Sí, es que el diablo adolece de jugar al disimulo en tales circunstancias. Vémoslo en la paz perpetua de Kant, que lleva en su seno el veto a la natural búsqueda de la Verdad en el hombre por fomentar esta, según su tesis, conflictos e ilusiones. Se trata de que su aplastante imperativo categórico facilite la tarea a lo políticamente correcto, a lo práctico, a los falsos derechos, a la ilusoria autonomía. La cuestión real está en distraernos del camino al orden de la perfección, sobre todo en sus aspectos intelectual y moral.

Es, asimismo, la implacable voluntad general del contradictorio Rousseau; de nuevo un instrumento, un método, al servicio de la mezquindad, porque: ¿qué garantía de verdad hay en una fórmula arbitraria a no ser que se crea que esta tiene propiedades mágicas? Podríamos seguir citando, pero creo que es suficiente.

Así, harto más temible es quien acecha desde la falsa paz que aquel a quien se le ve venir con agresividad. Al menos frente al segundo el alma se prepara para el combate o, creo yo, hay en quien afronta un fondo de sinceridad, una remota intención de unidad, o consenso, vaya.

Las fuerzas diabólicas, pues, usan la astucia, causan el vacío, la ignorancia, la sorpresa. La subsiguiente dialéctica, la división o la oposición son la fórmula magistral de su Baphomet, y con ellas se pretenderá romper aquella unidad de la inteligencia que ya citamos al inicio. La que da coherencia al mundo, la que es unión de fe.

Pues bien, tras el periodo de silencio y distracción empezarán la mezcla de verdades y errores en su vaso de precipitados para obtener la dilución. Brotará pues el pluralismo que provocará la dificultad de discernir, todo ingeniado para llevar de forma gradual el pensamiento verdadero en un sentido muy claro, de camino a la nada. Usan los procedimientos de los alquimistas por quienes las transformaciones de los elementos tienen como fin resultar en oro. En efecto, pero sólo su oro, su conocimiento, su plenitud, su propia realidad, en fin, su endiosamiento. La reina de la noche bajará a los infiernos con el resto de escorias que fueron ensalzadas instrumentalmente para obtener el metal y se convierten en despreciables al ya disponerlo.

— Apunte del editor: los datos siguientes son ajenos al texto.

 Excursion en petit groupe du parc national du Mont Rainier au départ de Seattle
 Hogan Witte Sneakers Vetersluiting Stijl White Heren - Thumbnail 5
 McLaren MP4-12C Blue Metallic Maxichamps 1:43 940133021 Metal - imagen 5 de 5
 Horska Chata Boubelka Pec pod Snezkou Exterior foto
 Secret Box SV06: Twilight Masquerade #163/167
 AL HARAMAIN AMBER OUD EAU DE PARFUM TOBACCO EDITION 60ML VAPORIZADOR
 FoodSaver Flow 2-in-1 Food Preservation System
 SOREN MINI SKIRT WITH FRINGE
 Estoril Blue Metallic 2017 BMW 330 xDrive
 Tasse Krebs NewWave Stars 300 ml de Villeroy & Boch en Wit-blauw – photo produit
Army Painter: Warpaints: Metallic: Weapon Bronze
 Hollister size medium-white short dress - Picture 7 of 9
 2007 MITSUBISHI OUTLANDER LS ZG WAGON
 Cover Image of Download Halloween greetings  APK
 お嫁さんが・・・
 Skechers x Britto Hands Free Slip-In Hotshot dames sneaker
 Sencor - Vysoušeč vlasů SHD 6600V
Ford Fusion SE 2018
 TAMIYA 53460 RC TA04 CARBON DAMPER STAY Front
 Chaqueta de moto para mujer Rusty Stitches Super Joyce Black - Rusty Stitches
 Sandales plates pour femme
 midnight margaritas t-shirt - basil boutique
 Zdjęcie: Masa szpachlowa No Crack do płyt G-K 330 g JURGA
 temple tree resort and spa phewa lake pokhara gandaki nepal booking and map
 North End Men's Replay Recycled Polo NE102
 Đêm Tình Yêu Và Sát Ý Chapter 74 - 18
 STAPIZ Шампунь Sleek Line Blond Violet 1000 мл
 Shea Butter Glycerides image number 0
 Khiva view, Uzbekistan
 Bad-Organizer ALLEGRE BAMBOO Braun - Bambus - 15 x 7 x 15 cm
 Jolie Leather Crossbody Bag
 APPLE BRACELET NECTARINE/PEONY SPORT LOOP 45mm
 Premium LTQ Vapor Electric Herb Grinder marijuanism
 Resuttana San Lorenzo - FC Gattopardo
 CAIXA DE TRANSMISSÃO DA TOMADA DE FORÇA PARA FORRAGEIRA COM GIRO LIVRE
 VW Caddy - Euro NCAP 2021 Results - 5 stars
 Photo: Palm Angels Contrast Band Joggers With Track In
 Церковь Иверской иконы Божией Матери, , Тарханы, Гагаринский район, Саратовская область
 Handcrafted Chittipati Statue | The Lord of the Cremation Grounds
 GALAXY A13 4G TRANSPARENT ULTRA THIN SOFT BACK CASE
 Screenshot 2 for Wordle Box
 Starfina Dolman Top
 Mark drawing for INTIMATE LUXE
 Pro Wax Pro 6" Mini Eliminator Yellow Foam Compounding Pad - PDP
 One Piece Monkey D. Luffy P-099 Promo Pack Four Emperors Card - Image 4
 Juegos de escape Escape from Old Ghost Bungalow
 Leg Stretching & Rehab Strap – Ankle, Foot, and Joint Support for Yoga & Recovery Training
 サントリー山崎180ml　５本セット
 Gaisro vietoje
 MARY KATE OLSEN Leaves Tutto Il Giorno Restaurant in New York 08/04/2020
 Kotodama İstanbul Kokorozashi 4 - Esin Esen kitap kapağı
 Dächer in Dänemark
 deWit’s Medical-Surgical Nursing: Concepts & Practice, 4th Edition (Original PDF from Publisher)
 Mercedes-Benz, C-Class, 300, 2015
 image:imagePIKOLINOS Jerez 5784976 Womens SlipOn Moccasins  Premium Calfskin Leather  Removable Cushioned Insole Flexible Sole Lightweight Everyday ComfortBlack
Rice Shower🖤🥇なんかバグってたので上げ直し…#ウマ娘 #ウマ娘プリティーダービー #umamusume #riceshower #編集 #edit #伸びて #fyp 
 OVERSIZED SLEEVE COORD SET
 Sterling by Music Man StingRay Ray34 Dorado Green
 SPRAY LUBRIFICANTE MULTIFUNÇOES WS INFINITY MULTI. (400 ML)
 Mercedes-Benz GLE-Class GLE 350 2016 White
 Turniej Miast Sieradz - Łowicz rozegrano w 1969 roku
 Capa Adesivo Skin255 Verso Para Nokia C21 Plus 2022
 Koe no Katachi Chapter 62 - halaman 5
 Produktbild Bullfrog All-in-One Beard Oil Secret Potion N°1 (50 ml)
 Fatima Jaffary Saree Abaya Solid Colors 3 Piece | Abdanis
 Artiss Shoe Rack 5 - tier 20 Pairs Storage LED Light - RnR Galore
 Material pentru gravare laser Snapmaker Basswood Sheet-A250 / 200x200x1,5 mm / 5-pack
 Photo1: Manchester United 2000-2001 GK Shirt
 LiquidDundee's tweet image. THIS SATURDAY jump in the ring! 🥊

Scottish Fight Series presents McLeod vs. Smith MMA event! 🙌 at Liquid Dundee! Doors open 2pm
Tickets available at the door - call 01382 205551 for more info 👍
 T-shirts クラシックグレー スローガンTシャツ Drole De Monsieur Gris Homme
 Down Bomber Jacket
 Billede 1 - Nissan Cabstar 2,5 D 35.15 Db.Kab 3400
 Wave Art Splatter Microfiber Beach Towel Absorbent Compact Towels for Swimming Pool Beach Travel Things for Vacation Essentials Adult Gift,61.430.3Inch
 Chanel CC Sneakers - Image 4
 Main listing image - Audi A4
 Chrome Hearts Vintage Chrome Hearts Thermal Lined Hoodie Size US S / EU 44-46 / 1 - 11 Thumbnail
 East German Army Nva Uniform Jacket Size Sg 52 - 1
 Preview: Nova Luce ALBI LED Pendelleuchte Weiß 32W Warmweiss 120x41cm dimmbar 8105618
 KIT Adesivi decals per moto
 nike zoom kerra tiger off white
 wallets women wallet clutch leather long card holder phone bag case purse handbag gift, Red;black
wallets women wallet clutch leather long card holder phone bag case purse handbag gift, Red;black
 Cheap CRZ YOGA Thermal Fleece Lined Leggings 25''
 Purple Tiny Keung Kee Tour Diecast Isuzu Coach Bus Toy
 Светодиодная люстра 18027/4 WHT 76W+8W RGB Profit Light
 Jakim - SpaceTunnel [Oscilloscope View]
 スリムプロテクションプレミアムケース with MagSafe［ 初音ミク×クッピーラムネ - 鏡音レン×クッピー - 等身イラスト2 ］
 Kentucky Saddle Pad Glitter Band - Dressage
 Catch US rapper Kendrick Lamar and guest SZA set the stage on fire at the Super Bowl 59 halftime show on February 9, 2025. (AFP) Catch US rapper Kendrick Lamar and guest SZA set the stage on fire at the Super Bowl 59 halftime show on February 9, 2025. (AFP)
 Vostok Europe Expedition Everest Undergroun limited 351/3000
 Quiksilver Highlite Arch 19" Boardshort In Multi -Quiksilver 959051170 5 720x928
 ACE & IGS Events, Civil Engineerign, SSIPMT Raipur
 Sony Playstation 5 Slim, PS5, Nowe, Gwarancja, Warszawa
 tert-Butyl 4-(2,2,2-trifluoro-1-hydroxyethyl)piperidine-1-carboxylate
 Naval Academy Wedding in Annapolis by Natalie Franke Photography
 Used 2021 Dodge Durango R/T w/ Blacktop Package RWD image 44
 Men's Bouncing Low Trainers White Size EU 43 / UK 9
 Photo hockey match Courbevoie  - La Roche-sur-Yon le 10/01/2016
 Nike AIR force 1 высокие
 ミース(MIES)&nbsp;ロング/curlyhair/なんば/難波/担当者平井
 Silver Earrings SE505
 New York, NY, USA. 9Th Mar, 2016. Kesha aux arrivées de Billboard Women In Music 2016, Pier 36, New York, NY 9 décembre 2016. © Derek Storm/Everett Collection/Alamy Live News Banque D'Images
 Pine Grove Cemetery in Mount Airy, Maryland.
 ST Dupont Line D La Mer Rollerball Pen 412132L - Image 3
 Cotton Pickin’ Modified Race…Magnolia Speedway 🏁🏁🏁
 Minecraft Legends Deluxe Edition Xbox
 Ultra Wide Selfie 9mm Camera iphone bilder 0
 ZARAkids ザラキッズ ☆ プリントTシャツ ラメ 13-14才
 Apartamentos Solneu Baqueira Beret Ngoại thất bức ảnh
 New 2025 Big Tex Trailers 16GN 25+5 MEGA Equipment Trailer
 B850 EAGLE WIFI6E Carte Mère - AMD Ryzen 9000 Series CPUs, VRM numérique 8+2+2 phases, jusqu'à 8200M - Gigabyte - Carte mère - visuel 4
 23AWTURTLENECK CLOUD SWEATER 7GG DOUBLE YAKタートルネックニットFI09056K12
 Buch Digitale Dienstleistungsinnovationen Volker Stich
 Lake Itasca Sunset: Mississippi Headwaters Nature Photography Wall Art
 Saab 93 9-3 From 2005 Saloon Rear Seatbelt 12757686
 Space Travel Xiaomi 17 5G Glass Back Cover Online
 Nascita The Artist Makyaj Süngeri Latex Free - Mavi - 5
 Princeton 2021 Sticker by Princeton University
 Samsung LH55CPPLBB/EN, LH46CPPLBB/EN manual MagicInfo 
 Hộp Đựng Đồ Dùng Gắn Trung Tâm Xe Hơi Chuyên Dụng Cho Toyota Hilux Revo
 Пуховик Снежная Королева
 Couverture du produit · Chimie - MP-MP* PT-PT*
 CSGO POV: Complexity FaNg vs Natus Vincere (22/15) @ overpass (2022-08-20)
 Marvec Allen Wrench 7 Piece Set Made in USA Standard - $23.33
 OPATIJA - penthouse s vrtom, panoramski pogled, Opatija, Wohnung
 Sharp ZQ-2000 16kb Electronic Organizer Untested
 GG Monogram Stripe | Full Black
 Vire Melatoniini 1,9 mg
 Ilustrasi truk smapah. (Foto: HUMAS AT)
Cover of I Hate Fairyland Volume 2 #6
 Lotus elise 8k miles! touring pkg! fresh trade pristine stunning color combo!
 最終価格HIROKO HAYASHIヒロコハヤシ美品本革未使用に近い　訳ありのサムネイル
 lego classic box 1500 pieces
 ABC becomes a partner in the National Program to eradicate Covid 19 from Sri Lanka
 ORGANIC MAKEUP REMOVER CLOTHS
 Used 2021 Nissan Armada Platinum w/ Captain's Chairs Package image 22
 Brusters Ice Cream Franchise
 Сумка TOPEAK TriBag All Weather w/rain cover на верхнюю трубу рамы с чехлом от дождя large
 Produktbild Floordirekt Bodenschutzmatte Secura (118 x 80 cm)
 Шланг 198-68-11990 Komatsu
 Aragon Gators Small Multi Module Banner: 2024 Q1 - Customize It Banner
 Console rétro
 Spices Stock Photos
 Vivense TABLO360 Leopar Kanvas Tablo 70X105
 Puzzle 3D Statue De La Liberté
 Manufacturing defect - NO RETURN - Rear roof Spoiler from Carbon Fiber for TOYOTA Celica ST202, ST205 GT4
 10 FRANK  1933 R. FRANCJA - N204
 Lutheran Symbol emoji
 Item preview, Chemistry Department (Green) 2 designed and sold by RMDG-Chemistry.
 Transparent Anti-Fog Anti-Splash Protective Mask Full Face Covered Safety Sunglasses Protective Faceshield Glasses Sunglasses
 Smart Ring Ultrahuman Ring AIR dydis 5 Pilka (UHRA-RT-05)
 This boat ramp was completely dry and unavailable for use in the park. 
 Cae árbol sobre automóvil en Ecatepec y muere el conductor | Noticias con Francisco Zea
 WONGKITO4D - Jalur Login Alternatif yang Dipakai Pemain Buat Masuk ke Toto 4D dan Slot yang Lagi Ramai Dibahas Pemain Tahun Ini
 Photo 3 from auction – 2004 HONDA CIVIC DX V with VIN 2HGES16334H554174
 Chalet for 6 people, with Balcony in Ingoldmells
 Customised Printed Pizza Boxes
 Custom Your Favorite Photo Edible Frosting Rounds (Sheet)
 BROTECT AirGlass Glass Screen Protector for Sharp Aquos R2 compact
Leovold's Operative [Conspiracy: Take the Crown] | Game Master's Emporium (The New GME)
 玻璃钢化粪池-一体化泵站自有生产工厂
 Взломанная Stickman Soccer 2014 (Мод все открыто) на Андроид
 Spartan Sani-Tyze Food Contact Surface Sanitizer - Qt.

Al frente, como señuelo, las dichas vanguardias sitúan el busto con semblante irreverente de una joven mujer de quien pende una teta al aire, y que suplanta a la libertad, mientras distrae la inteligencia y desfigura el conocimiento. La feminidad, por seguro, es esto para ellos: a la corta útil como medio, pero le tienen destinado el basurero, al fin y al cabo.

En esta tesitura de duda, de pluralismo, de campo minado, pues, es crucial el combate de la razón. En nuestro tiempo necesitamos más que nunca de la unión intelectual, el discernimiento, una clara visión metafísica que nos permitirá trazar la respuesta en cada caso particular. En nuestro tiempo necesitamos de la prudencia. Son la unión intelectual y la prudencia las que permiten la comunión en la fe, las que garantizan que la libre voluntad se adhiera a la verdad y se mantenga en ella saboreando los frutos que la clarividencia nos brinda. Así, cuando llegue el momento, triunfará la Caridad, virtud con mayúsculas, fundamento de la civilización cristiana defendida por los Padres y tan necesaria para la salvación. Bueno, mejor dicho, reinará la virtud del amor cuando Él provea por gracia del Espíritu Santo.